* _Data to examine_
****************************************

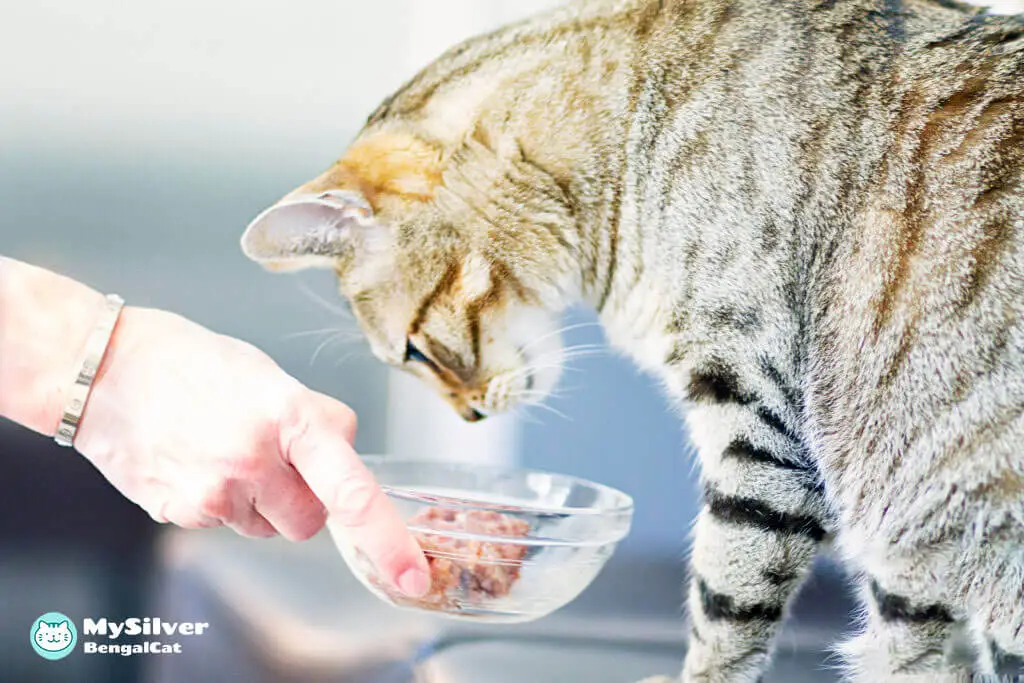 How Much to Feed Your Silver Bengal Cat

****************************************

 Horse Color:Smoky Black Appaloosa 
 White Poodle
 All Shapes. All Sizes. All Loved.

****************************************

The reply should consist solely of the lines above from the one that has "Horse Color:Smoky Black Appaloosa" through the one that has "All Shapes. All Sizes. All Loved.", reproduced exactly.

* _Response below_
 Horse Color:Smoky Black Appaloosa 
 White Poodle
 All Shapes. All Sizes. All Loved.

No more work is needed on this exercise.